BY CAMERON DRUMMOND
STEADY decline in iron ore prices is expected over the next five years, with a targeted drop in production from the world’s largest steelmaker China and new ore production from mega projects in Australia and Brazil sparking oversupply fears.
Surging iron ore prices during 2016 saw the commodity reach more than $US80 per tonne (t) for the first time since October 2014 after hitting a record low of $US38.50/t in January last year.
The 62 per cent Fe Qingdao spot price had jumped more than 100 per cent, and by February 2017 had peaked at $US94.86 – its highest level since 2014 – according to a Metal Bulletin report.
The price rally – which consistently ignored widespread bearish forecasts in 2016 – had been largely attributed to burgeoning infrastructure investment in China and a slowdown in the country’s supply growth.
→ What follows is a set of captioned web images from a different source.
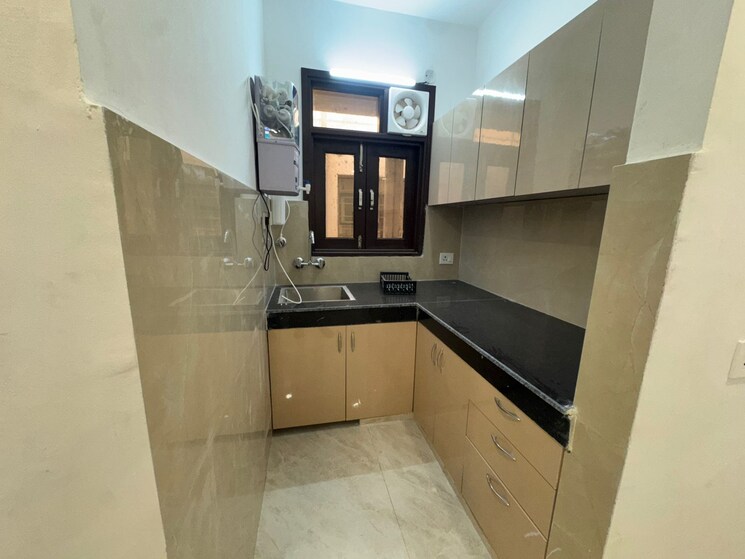Kitchen, malviya nagar 2 Bedroom 900 Sq.Ft. Builder Floor In Malviya Nagar Delhi 9526983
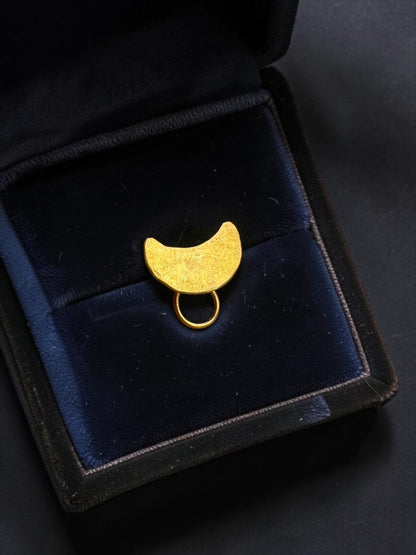 Crescent Moon Brass Nosepin (Piercing)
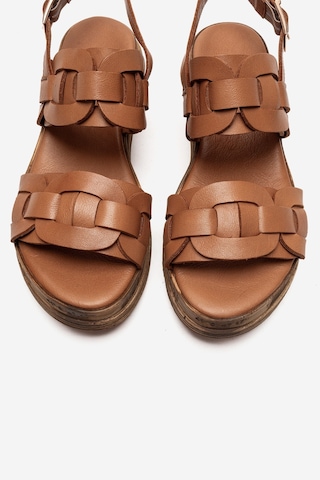Luvishoes Elvoro Taba Hakiki Deri Örgü Bantlı Kadın Sandalet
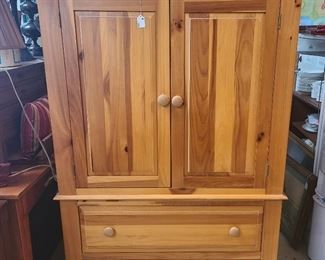 Broyhill entertainment cabinet $50 4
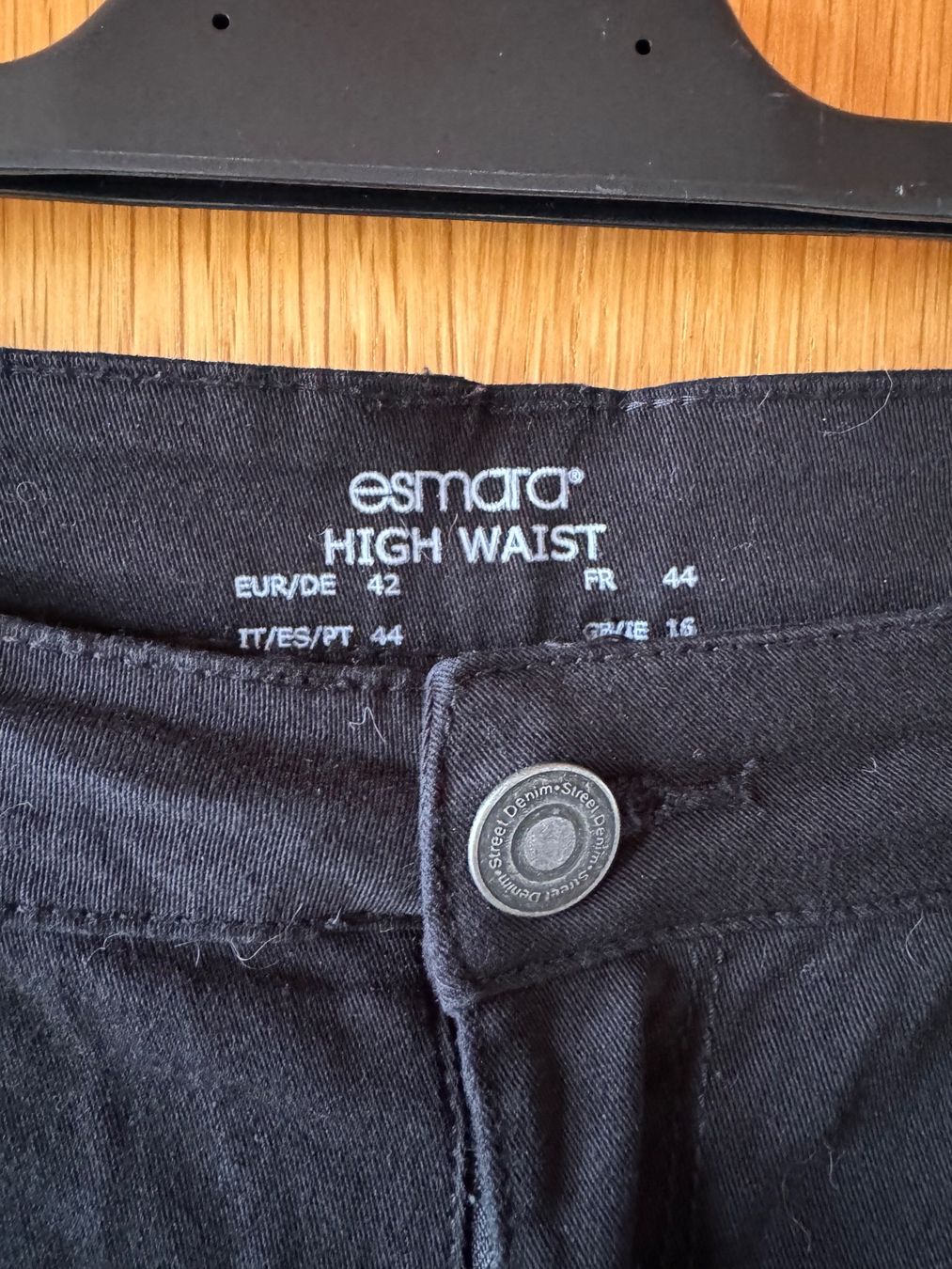 Jeans: Klassische Damen Jeans Esmara Gr. 42 – Usato da Grosswangen venduto da SALE_SALE_SALE 1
According to Platts, continued strength in China’s steel market had caused iron ore prices to rise as mills pursued productivity to maximise margins.
China imported 91.98mt of iron ore in November 2016; up 12 per cent year-on-year and 13.7 per cent from the previous month, according to government data released in December by China’s General Administration of Customs.
However on 5 March, Chinese Premier Li Keqiang announced a 50 million tonne (mt) cut to steel production for 2017.
The Chinese Government said it aimed to close between 100mt and 150mt of annual steel capacity by 2020.
This, coupled with the addition of recently ramped up mega projects such as Hancock Prospecting’s Roy Hill, AngloAmerican’s Minas Rio and Vale’s S11D, has led to oversupply fears that could continue to drive down prices during 2017.
Off the cuff of its production ramp up at S11D, Vale hit a fresh record quarterly production high of 86.2mt for the March quarter; 11.6 per cent higher than the previous corresponding reporting period.
BHP also recently announced plans to increase production from the WA Pilbara and had lodged a submission to increase its export license from 270 million tonnes per annum (mtpa) to 275mtpa, and again to 290mtpa in the 2019 financial year.
Rio Tinto’s new Silvergrass mine is also due for completion mid-year, adding an extra 10mtpa to its iron ore shipments.
A recent BMI Research report stated iron ore prices would continue to slide for at least the next five years, averaging lower each year through to 2021.
BMI said expected rising supplies from Australia and Brazil would see the commodity drop to an average of $US70/t this year, $US55/t in 2018, and down to $US46/t by 2021.
Signs of this were already showing – a 12 per cent drop in value in March, and further decline through April saw iron ore continue its downward trend to trade at $US66/t by 25 April.
In the last month, the four largest iron ore producers had already seen lower prices affect company value.
Vale was down 6 per cent in the month to mid-April, with Fortescue Metals Group down 2.6 per cent over the same period.
BHP Billiton and Rio Tinto had also seen a drop in share price.